The usage of Data Lakes in a Modern Data Warehouse / Data Platform is getting more and more popular. Fed by different kind of data sources, a data lake is very often used as a cheap, easy to handle and powerful data storage service. With the introduction of Azure Data Lake Storage (ADLS) Gen2, the analysis of Big Data (and not only big data ) got a very powerful technical foundation.
With hierarchical namespaces, the content and files in an ADLS Gen2 storage account are structured into a folder hierarchy, like the way that the file system on your computer is organized. The process of data lake design (= how you structure your directories, subdirectories, and files in a data lake) should be a major and important part of your data lake strategy. The reason behind this lies in the fact, that if you structure your data lake appropriate, the following analysis queries can benefit from a good, suited directory structure (i.e. only parts of your data lake are read when you want for example only data for a specific year or time period).
What to do with your data lake content?
In many cases, the files stored in your data lake are used as input for further analysis like performing Machine Learning processes or other data processing on it. Sometimes, files in the data lake are directly used for analysis in a business intelligence tool like Power BI for example.
Use Power BI and connect directly to the Data Lake
There are different ways how you – as a Power BI user – can access data files in the data lake using Power BI (Desktop).
If you open the Get Data dialog, and search for data lake, you’ll find an entry to connect to an ADLS Gen2 account.
Select that one and enter the URL to your data lake storage account (including the container name). There are two options to use – either File System View or CDM Folder View. I will use the first option (File System View) in my sample. After you have entered your authentication details, you are ready to connect to your data lake.
If you need to work and analyze multiple files in your data lake, you can do so by selecting the action Combine & Transform Data in this dialog to read every file included in your selected path in the data lake. Be aware, that multiple (many) files can lead to performance impacts while reading.
One thing that I would like to mention here is, that this approach to access files in the data lake is IMPORT mode only, there is no option to tell Power BI (Desktop) to access files in direct Query mode. Which leads to the fact, that for up to date information out of your data lake, Power BI needs to perform a (scheduled) refresh action.

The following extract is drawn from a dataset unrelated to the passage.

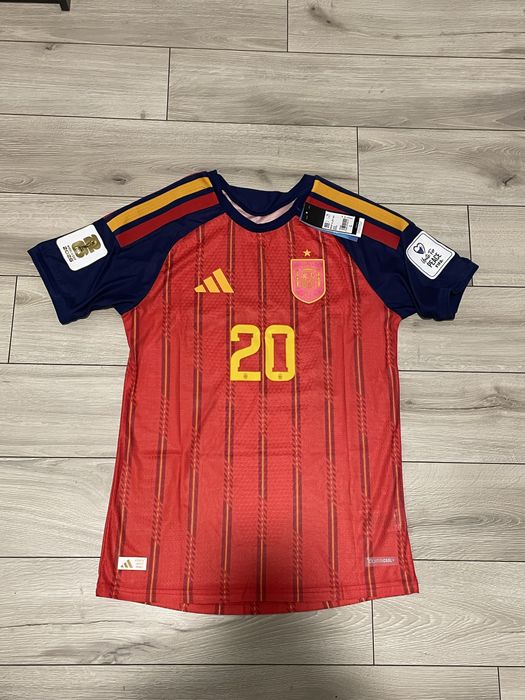 Tricou adidas Spania - Pedri - Cupa Mondiala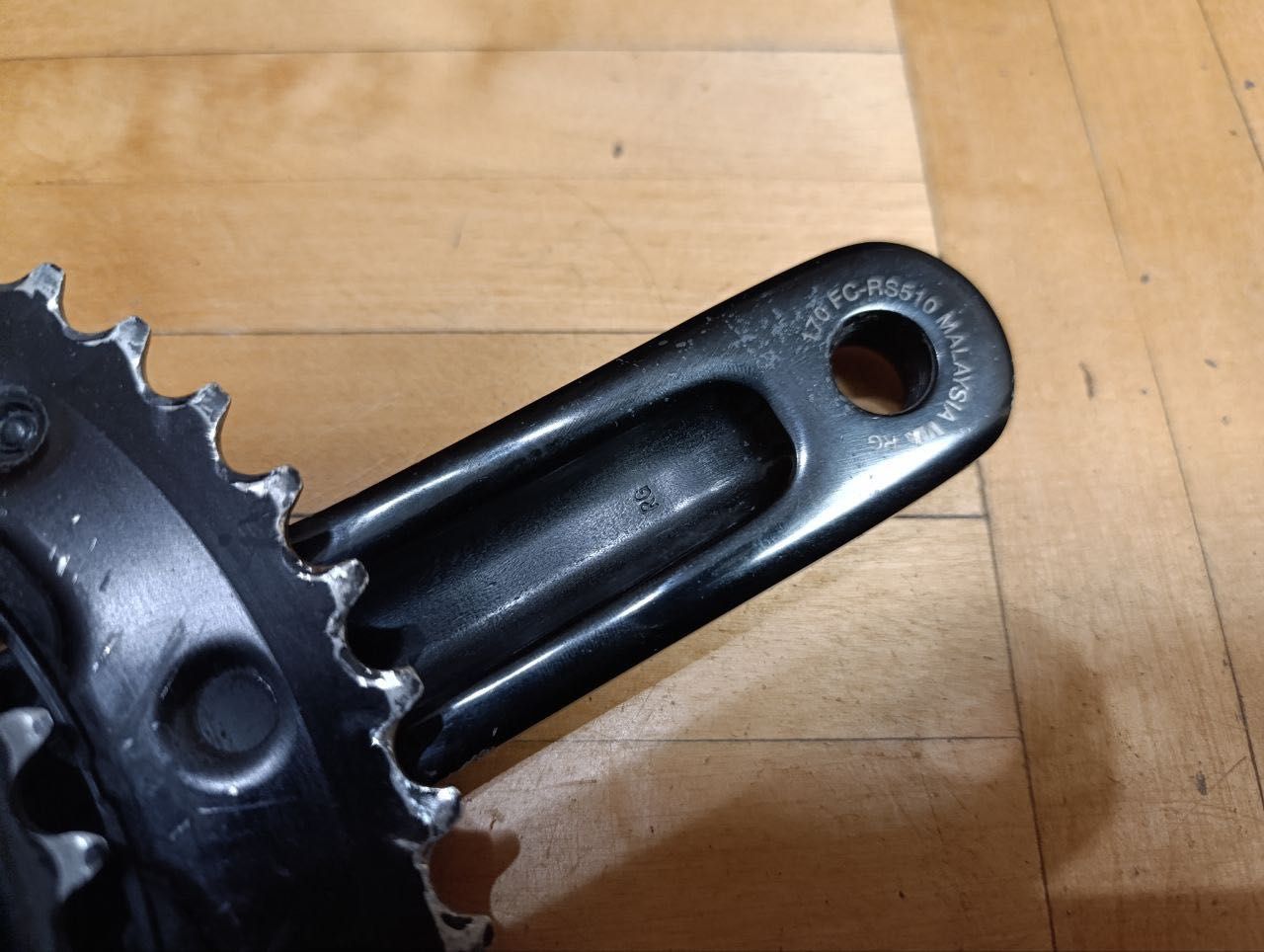 Шатуни система Shimano FC-RS510 11speed шосейні 50/34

Would not it be nice to have Direct Query for a data lake?
Sometimes however, would not it be nice to access the data lake in Direct Query mode – to get the most up to date information for every report view? I would say: yes … but how can you achieve this? The options natively provided by ADLS Gen2 and Power BI are not sufficient to solve this requirement. But: there are options to achieve this and, in this post, I would like to show you the possibilities using Azure Synapse Analytics to build a query layer on top of a ADLS Gen2 storage account.
What is Azure Synapse Analytics?
Announced in late 2019, Azure Synapse is a (partly) new analytics service that brings together enterprise data warehousing and Big Data analytics. Parts of the new Azure Synapse Analytics have their roots in the Azure SQL Datawarehouse (the MPP data warehousing solution from Microsoft in the Azure Cloud).

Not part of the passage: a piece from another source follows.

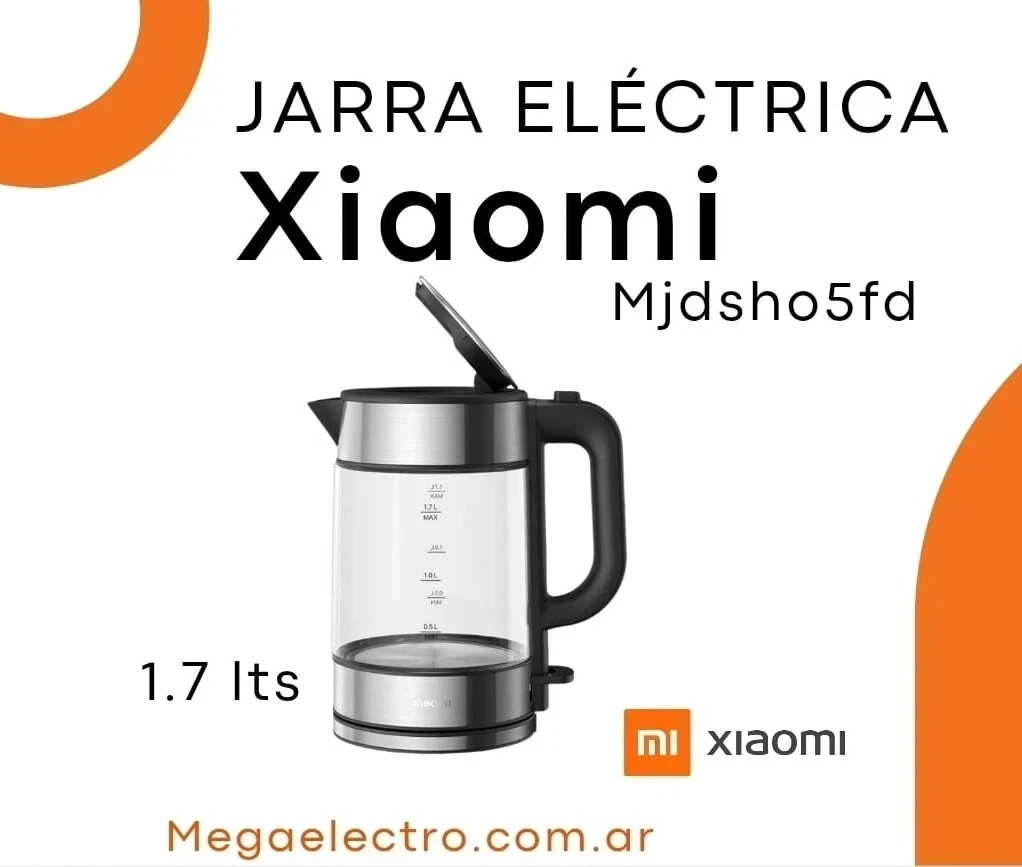 PAVA ELÉCTRICA XIAOMI GLASS 1,7 LTS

I will not go into details (today) about the different parts of an Azure Synapse workspace, but some basic terms are needed to follow my sample. Within an Azure Synapse workspace, you will find different kinds of capabilities to analyze data coming from and residing in different data stores. Every Synapse workspace has one required data stored – a primary Data Lake Storage account that is needed to store system and metadata information required for Synapse itself. With the concept of linked services and many options to connect to other data storages, Synapse can bridge the gap between different data services and data structures.
Data needs to be analyzed and Synapse brings different flavors of analysis capabilities – Apache Spark based capabilities (not the topic of today) and SQL capabilities. The SQL analysis approach is provided by the main resources called SQL pools which comes in two different consumption models – serverless and dedicated.

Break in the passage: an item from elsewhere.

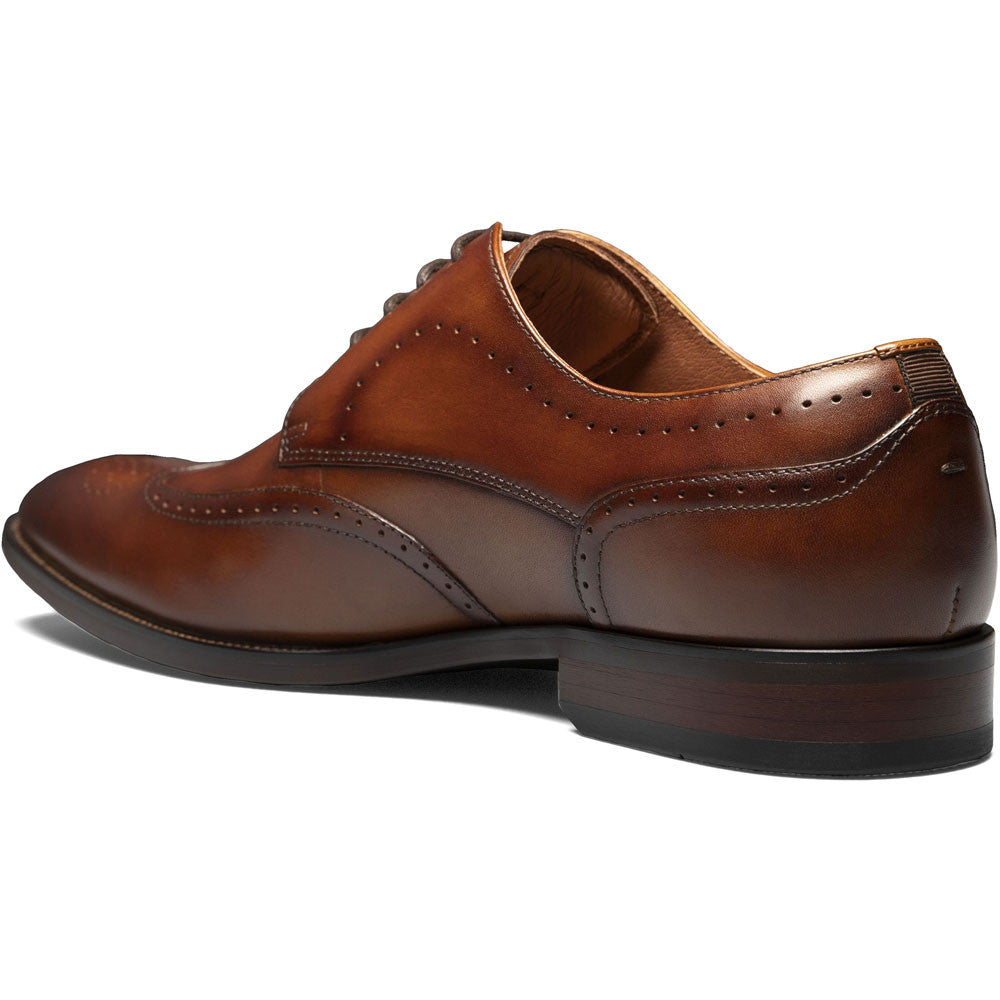 Florsheim Sorrento Cognac Wingtip Oxford Shoes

The following graphic (taken from here) shows the different aspects of SQL Pools in Azure Synapse Analytics.
The two SQL pools serve different aspects of data processing – serverless is mainly used for data exploration, whereas the dedicated SQL Pools are the foundation of data warehousing. The pricing is also different for these two approaches – dedicated SQL pools are billed based on the consumption level provisioned, whereas serverless pools are billed based on the data processed (currently per TB data processed).
And now – let us explore the data.
In my example, I will use a SQL serverless pool within Azure Synapse to create a query (meta) layer on-top of files stored in an ADLS Gen2 storage account.
This blog post will not contain an how-to create a Synapse workspace – I’ve already done that in before and the sample environment looks like this:
- One Synapse Workspace (synapse4wolfgang) is created
A primary ADLS Gen2 storage account is attached
- This storage account also contains the sample files
- Only a serverless SQL Pool exists in this Synapse Workspace (it is created by default during setup)
There are two files stored in the data lake, one containing sales from the years 2015 to 2019 (sales_2015_2019.csv), the other file contains sales from the year 2020 (sales_2020.csv).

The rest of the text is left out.